Conversion goals track the rate at which users complete a desired action. They answer questions like: What percentage of users who start the signup flow actually finish it? How many trial users convert to paid? Goals give you a clear, trackable number to improve over time.
Defining a goal event
A goal starts with choosing the event that represents a successful conversion. This should be an event you are already tracking — for example:
signup_completedfor measuring registration conversion.subscription_startedfor measuring trial-to-paid conversion.checkout_completedfor measuring purchase conversion.
To create a goal:
- Navigate to Goals in your analytics project.
- Click New Goal.
- Enter a name that describes the desired outcome, such as "Signup Conversion" or "Purchase Completion."

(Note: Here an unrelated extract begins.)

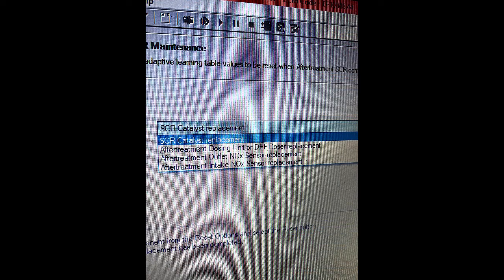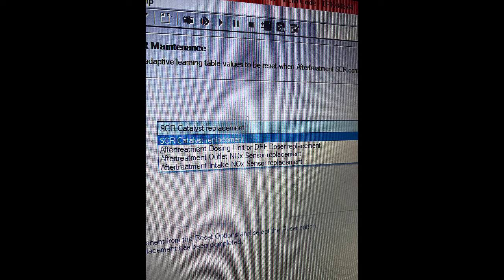And you can see here your choices are SCR Catalyst Replacement, After Treatment Dosing Unit or DEF Doser Replacement, After Treatment Outlet Knock Sensor Replacement, and After Treatment Intake Knock Sensor Replacement. They do not have a reset for the decal pipe, even though if that plate is broken out of it, it will white stack and excessively dose DEF fluid. But apparently, you don't need a reset for that.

- Select the event that represents the conversion.
- Optionally add property filters to narrow the goal — for example, only count purchases above a certain amount.
- Click Save.
Setting up funnels
Funnels show the step-by-step path users take toward a goal, revealing where they drop off. A funnel consists of two or more ordered events.
To create a funnel:
- Navigate to Funnels in your project.
- Click New Funnel.
- Add events in the order users are expected to complete them. For an e-commerce purchase funnel, this might be:
- Step 1:
product_viewed - Step 2:
cart_item_added - Step 3:
checkout_started - Step 4:
checkout_completed
- Step 1:
- Set the conversion window — the maximum time a user has to complete all steps. A typical window is 7 or 30 days.
- Click Save.
The funnel visualization shows the number and percentage of users who completed each step, with clear drop-off rates between steps.

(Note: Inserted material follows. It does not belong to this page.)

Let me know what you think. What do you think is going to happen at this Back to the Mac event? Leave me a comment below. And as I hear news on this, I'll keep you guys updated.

Tracking conversion rates over time
Once a goal or funnel is set up, you can track its conversion rate as a time series. This helps you answer: Is our conversion rate improving, declining, or staying flat?

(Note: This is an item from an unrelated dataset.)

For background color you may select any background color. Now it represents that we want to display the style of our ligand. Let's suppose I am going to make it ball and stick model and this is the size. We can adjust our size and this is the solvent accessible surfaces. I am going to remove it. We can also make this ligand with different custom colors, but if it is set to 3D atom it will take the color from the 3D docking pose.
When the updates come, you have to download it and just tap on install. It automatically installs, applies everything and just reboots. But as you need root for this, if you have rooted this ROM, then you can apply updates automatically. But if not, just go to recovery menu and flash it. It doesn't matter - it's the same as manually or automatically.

To view conversion trends:
- Open your goal or funnel.
- Switch to the Trends view.
- Select a date range and granularity (daily, weekly, or monthly).
- The chart shows conversion rate over time, making it easy to spot the impact of product changes.
You can also add goal conversion rate as a chart on any dashboard for ongoing visibility.
Analyzing drop-off points
The most actionable insight from funnels is identifying where users drop off. For each step in the funnel, you can see:
- Completion rate — The percentage of users who moved from the previous step to this one.
- Drop-off count — The number of users who did not continue.
- Time to convert — How long it took users to move between steps.
Focus your product improvements on the step with the largest drop-off. Even a small improvement at a high-volume drop-off point can significantly impact overall conversion.
Segmenting conversions
Break down your goal or funnel by user segments to understand which groups convert at higher or lower rates. Common breakdowns include:
- Acquisition source — Do users from organic search convert better than paid ads?
- Plan type — Do free trial users convert at different rates than freemium users?
- Geography — Are there regional differences in conversion?
Best practices
- Start with your most important conversion — the one closest to revenue or core product value.
- Keep funnels focused on 3-6 steps. Too many steps make the analysis noisy.
- Review funnel performance weekly to catch regressions early.
- Use conversion rate trends alongside feature releases to measure their impact.